After allowing the yuan to weaken a total of around 3 percent against the U.S. dollar on Tuesday, Wednesday and Thursday amid a shift toward a “managed float” regime, the People’s Bank of China (PBOC) set Friday’s fixing at a slightly stronger level. That may signal that the string of aggressively weaker fixings is finished for now.
“The 2 or 3 percent devaluation of the yuan [against the U.S. dollar] is completely meaningless,” Faber said. “The Chinese yuan has appreciated by 80 percent over the past two years against the yen.”
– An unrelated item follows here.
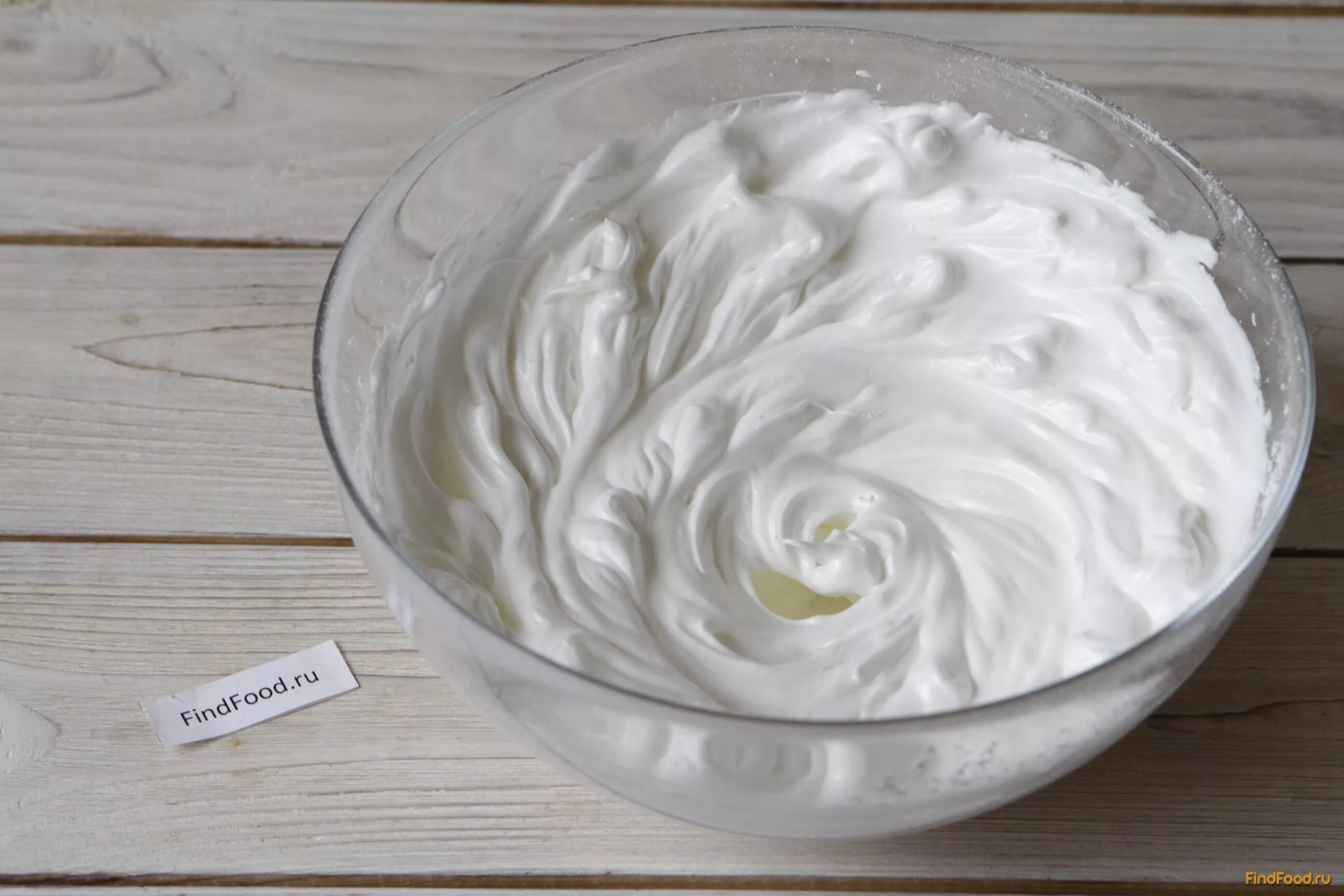 что делать если крем для торта получился жидкий. крем из замороженного кефира. крем пломбир дипломат. крем чиз крем. крем-чиз на сливках юлия смол.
Additionally, in contrast to the yuan’s relative strength, Brazil’s real has shed around 60 percent against the U.S. dollar since 2011, while Turkey’s lira has lost 50 percent and all other Asian currencies, with the exception of the Hong Kong dollar, have all been weak over the past year, he noted.
“Don’t forget the People’s Bank of China has said that they will have now a currency that will reflect more market forces. And that means that if the market forces are against the currency, then the currency will go down,” Faber added.
Faber sees one major casualty if the yuan continues to weaken: the Hong Kong dollar, which is pegged to the U.S. dollar.
“If the yuan weakens by 10 percent, what happens to the Hong Kong dollar? That’s the big question,” Faber said. “The Hong Kong dollar may depeg, because then Hong Kong becomes massively uncompetitive,” he said, noting that all other Asian currencies have weakened.
“The Hong Kong dollar is a good short,” Faber added, although he noted he doesn’t currently have a short position. “It’s quite likely [to depeg]. If you are bearish about the yuan – and I’m quite negative about the yuan.”
To be sure, predictions that Hong Kong’s dollar peg would snap have dogged the currency since the system was set up in 1983. The Hong Kong Monetary Authority (HKMA) intervenes periodically when the currency strays from its level of 7.75-7.85 against the U.S. dollar.